Читать онлайн "Distributed operating systems" - Tanenbaum Andrew S. - RuLit

To run the compiled program, a root process is started up on one of the processors. This process may generate new processes on other processors, which then run in parallel with the main one and communicate with it and with each other by using the shared variables, as normal multiprocessor programs do. Once started on a particular processor, a process does not move.

Accesses to shared variables are done using the CPU's normal read and write instructions. No special protected methods are used. If an attempt is made to use a shared variable that is not present, a page fault occurs, and the Munin system gets control.

Synchronization for mutual exclusion is handled in a special way and is closely related to the memory consistency model. Lock variables may be declared, and library procedures are provided for locking and unlocking them. Barriers, condition variables, and other synchronization variables are also supported.

Release Consistency

Munin is based on a software implementation of (eager) release consistency. For the theoretical baggage, see the paper by Gharachorloo et al. (1990). What Munin does is to provide the tools for users to structure their programs around critical regions, defined dynamically by acquire (entry) and release (exit) calls.

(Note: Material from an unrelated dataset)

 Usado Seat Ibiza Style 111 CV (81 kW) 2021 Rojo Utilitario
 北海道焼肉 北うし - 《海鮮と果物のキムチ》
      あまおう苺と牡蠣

Writes to shared variables must occur inside critical regions; reads can occur inside or outside. While a process is active inside a critical region, the system gives no guarantees about the consistency of shared variables, but when a critical region is exited, the shared variables modified since the last release are brought up to date on all machines. For programs that obey this programming model, the distributed shared memory acts like it is sequentially consistent. Munin distinguishes three classes of variables:

1. Ordinary variables.

2. Shared data variables.

3. Synchronization variables.

Ordinary variables are not shared and can be read and written only by the process that created them. Shared data variables are visible to multiple processes and appear sequentially consistent, provided that all processes use them only in critical regions. They must be declared as such, but are accessed using normal read and write instructions. Synchronization variables, such as locks and barriers, are special, and are only accessible via system-supplied access procedures, such as lock and unlock for locks and increment and wait for barriers. It is these procedures that make the distributed shared memory work.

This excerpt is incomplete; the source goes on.